増殖続ける「俺の株式会社」が食パンに注目した理由

2011年に「俺のイタリアン」(新橋本店)を開業し、その独特のビジネスモデルから大きな注目を浴びた「俺の株式会社」。コンセプトは「顧客を1日3回転以上させることで繁盛店の利益を実現すること」であり、原価率が60%を超える料理を高級店より安い価格で提供することで成長を続けてきた。

「銀座の食パン」のブランドロゴ

 新業態店として「俺のフレンチ」「俺のスパニッシュ」「俺のやきとり」「俺の焼肉」「おでん 俺のだし」などを次々と展開し、気が付けば店舗数は約35店、従業員数は約1000人にまで増加した。店舗の8割は都内にあり、銀座に17店舗あるというのも大きな特徴だ。

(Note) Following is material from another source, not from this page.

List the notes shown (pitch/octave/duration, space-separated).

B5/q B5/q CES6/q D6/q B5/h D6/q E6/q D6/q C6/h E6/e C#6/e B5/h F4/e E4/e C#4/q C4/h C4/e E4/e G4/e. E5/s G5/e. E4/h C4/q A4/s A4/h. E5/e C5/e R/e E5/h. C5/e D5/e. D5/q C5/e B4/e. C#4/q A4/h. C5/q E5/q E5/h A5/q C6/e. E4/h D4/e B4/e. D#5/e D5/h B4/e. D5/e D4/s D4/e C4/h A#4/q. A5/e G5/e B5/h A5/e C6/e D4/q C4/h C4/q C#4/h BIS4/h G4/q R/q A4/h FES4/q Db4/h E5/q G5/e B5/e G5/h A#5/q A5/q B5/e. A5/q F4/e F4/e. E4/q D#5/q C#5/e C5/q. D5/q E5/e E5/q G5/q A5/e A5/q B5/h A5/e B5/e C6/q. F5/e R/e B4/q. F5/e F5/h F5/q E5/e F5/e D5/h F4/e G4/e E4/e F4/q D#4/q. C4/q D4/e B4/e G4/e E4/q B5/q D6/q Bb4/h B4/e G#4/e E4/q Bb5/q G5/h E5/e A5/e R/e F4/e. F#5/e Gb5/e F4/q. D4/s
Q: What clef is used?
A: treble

そんな同社が次に目を付けたのが食パンだった。「俺のBakery&Cafe 恵比寿」を16年にオープンしたのを皮切りに、銀座と新宿に次々と出店。18年6月には京橋に4号店をオープンする。さらに、「今後も新規出店を進めていく予定であり、当社の他の業態より出店ペースは早い」(広報担当者)とのことで、特に力を入れている業態だということが分かる。

しかし、主に「外食」の分野で成長してきた同社はなぜ食パンに注目したのだろうか。

●人気の「俺の生食パン」をリブランディング

俺の株式会社は5月29日、俺のBakery&Cafeで1日2000本以上の売り上げを誇る「俺の生食パン」をリブランディングすると発表した。

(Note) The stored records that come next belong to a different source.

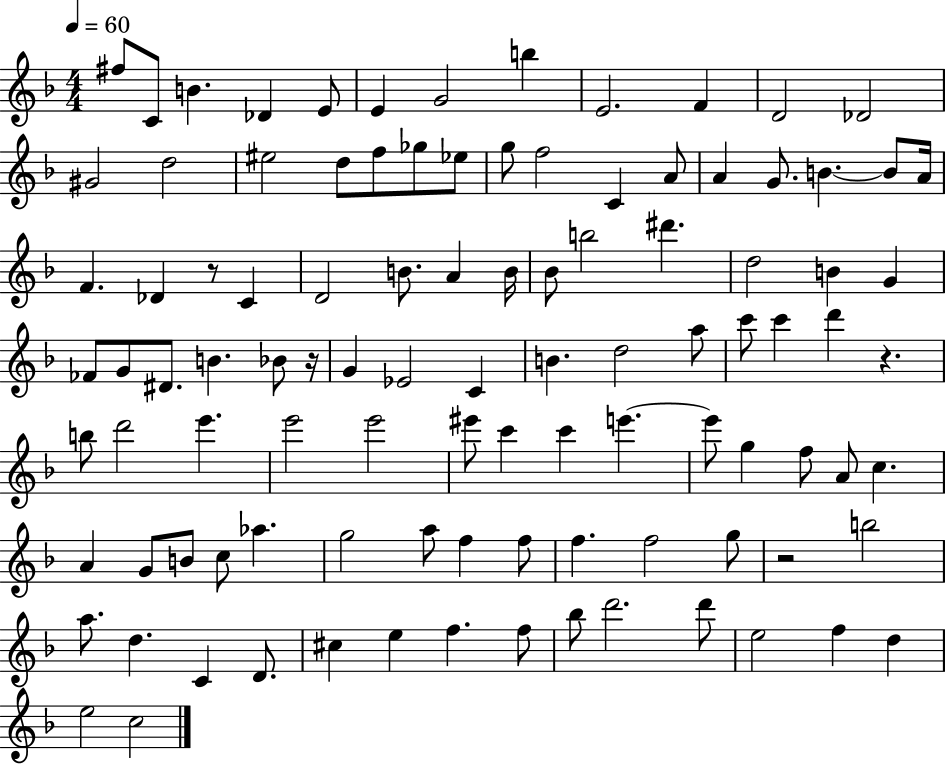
{
  \clef treble
  \numericTimeSignature
  \time 4/4
  \key f \major
  \tempo 4 = 60
  fis''8 c'8 b'4. des'4 e'8 | e'4 g'2 b''4 | e'2. f'4 | d'2 des'2 | \break gis'2 d''2 | eis''2 d''8 f''8 ges''8 ees''8 | g''8 f''2 c'4 a'8 | a'4 g'8. b'4.~~ b'8 a'16 | \break f'4. des'4 r8 c'4 | d'2 b'8. a'4 b'16 | bes'8 b''2 dis'''4. | d''2 b'4 g'4 | \break fes'8 g'8 dis'8. b'4. bes'8 r16 | g'4 ees'2 c'4 | b'4. d''2 a''8 | c'''8 c'''4 d'''4 r4. | \break b''8 d'''2 e'''4. | e'''2 e'''2 | eis'''8 c'''4 c'''4 e'''4.~~ | e'''8 g''4 f''8 a'8 c''4. | \break a'4 g'8 b'8 c''8 aes''4. | g''2 a''8 f''4 f''8 | f''4. f''2 g''8 | r2 b''2 | \break a''8. d''4. c'4 d'8. | cis''4 e''4 f''4. f''8 | bes''8 d'''2. d'''8 | e''2 f''4 d''4 | \break e''2 c''2 | \bar "|."
}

新ブランドは「銀座の食パン」。パンの原料や製法が変わるわけではないが、ロゴマークやネーミングを変えることでさらなる成長を狙う。「銀座」というネーミングにこだわったのは、銀座が国内屈指の流行の発信地であり、“銀座で長く続くお店”が一流の飲食店の証になっているからだという。

銀座の食パンシリーズには「銀座の食パン ~香~」(1000円、税込、以下同)と「銀座の食パン ~夢~」(900円)がある。パンの開発に有名シェフを起用し、こだわりの国産小麦と牛乳を使用しており、同社は「最高品質にこだわり抜いた究極の食パンです」とアピールする。

●名物社長が食パンに注目した理由

「俺の株式会社」を設立した坂本孝社長は、「銀座の食パン」リブランディングの記者発表会で食パンに注目した背景について説明した。

坂本社長は、多くの飲食店が集客する方法ばかり考え、商品力を向上させる取り組みを怠っているのではないかと分析している。本当においしいものには人を引き付ける力があり、どんなに遠いところからでもお客は来てくれる。

では、どのような料理ならお客に評価されやすいのか。「1番目は日本そば。世界一おいしいそばなら(東京から)長野まで食べに行く。そばには人を200キロ引っ張る力がある」(坂本社長)。そして、2番目にくるのが食パンだという。

坂本社長は「食パンには人を100キロ引っ張る力がある。駅から近ければ店舗の立地はどこでもいい。ちょっと大げさにいうと、銀座にある俺のBakery&Cafeを訪れるお客さまの半分は東京都23区外からくる」と説明する。つまり、集客力のある商品を考える中で行き着いたのが食パンだったのだ。

●生食パンの専門チェーン

高級生食パンの専門チェーンに「乃が美」(大阪市)がある。取り扱う商品は「生」食パン(432円)とこだわりジャムセット(3240円)だ。ジャムにはストロベリー、マーマレード、ブルーベリーの3種類があり、1本ずつ1080円で購入することもできる。現時点の店舗数は92店にものぼり、『高級「生」食パン』の名称を商標登録している。

乃が美の成功を見れば分かる通り、おいしさが支持されれば食パンはそれだけで集客が見込める商品なのだ。俺の株式会社が食パンの業態を強化するのは、そこに高い成長性を見いだしたからなのだろう。都内を中心に出店する同社がどこまで店舗数を増やすのか、注目される。